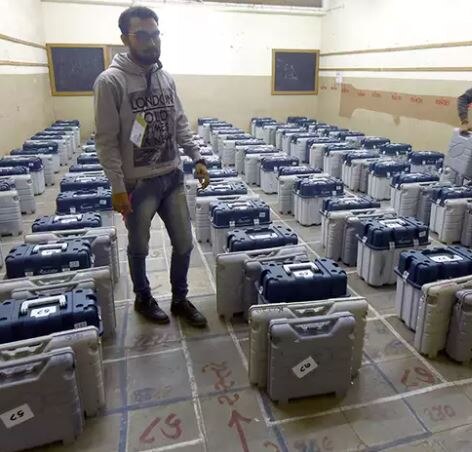 Gujarat By Elections: Know where election counting to held check details ગુજરાત પેટા ચૂંટણીઃ ચૂંટણી પંચે મત ગણતરીના સ્થળની કરી જાહેરાત,  જાણો કઈ બેઠકની ક્યાં થશે મત ગણતરી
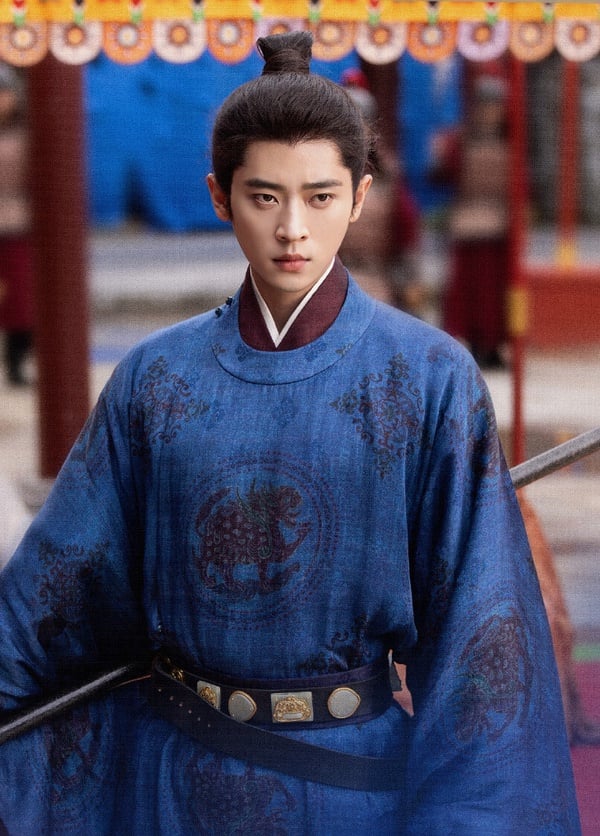丞磊《成何體統》播完後，新劇《莫離》合作了古裝女神白鹿。這部劇來頭不小呢！找來《三生三世十里桃花》、《無憂渡》導演林玉芬執導，拍攝質感可以期待！而丞磊的新造型變化不大，不過還是滿滿霸氣。這次丞磊的角色是背負血海深仇的王爺，和白鹿先婚後愛。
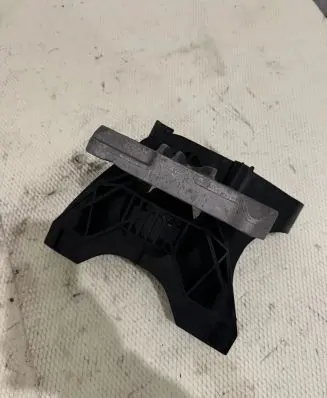 Peugeot 3008 II Engine mount bracket 9820297580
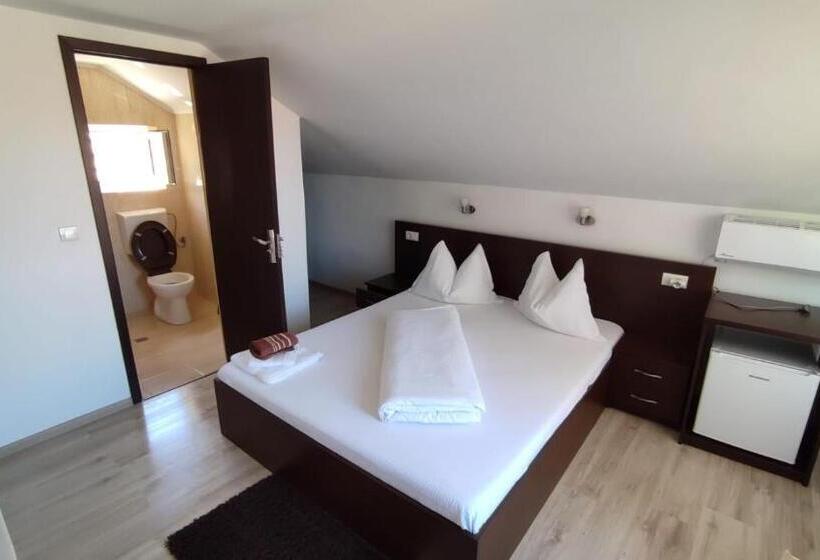 Standardrum, Casa Laur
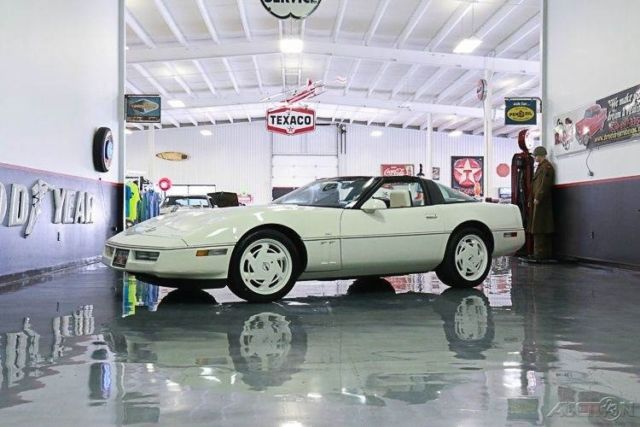 1988 Chevrolet Corvette Base 2dr Hatchback - photo 8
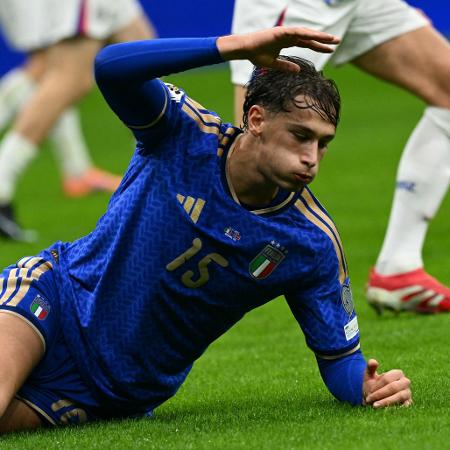 Esposito se lamenta durante Itália x Noruega, jogo das Eliminatórias Europeias Esposito se lamenta durante Itália x Noruega, jogo das Eliminatórias Europeias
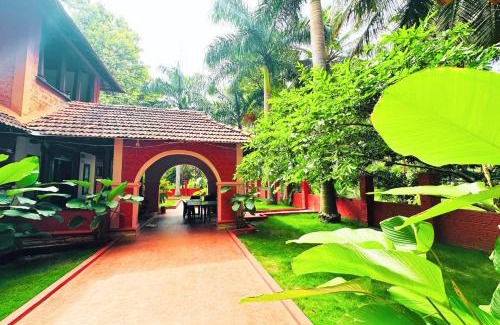 Ramanagara Villa | Ambara Kovilakam Private Pool Villa By Travent Mug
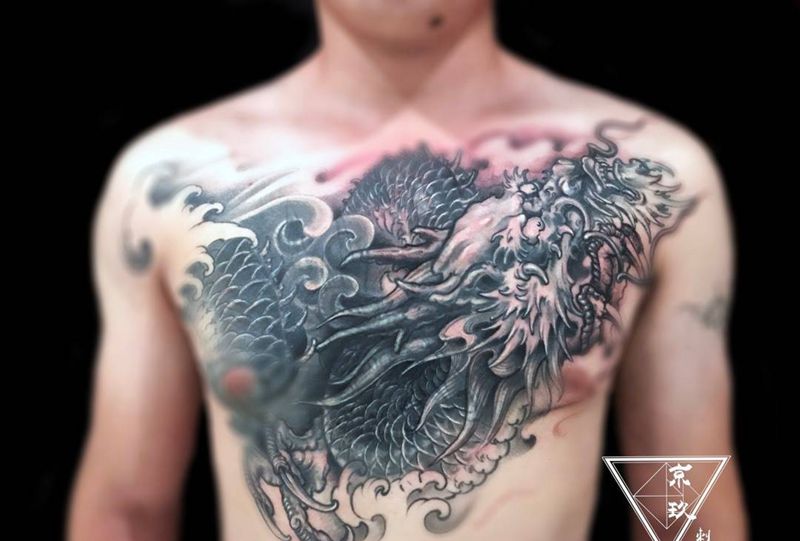 遮盖修改纹身图片_成品胸部传统修改动物纹身图案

#####

The copy you give must run from the line containing "1988 Chevrolet Corvette" through the last line of the records, exactly, with the pictures left out.

 1988 Chevrolet Corvette Base 2dr Hatchback - photo 8
 Esposito se lamenta durante Itália x Noruega, jogo das Eliminatórias Europeias Esposito se lamenta durante Itália x Noruega, jogo das Eliminatórias Europeias
 Ramanagara Villa | Ambara Kovilakam Private Pool Villa By Travent Mug
 遮盖修改纹身图片_成品胸部传统修改动物纹身图案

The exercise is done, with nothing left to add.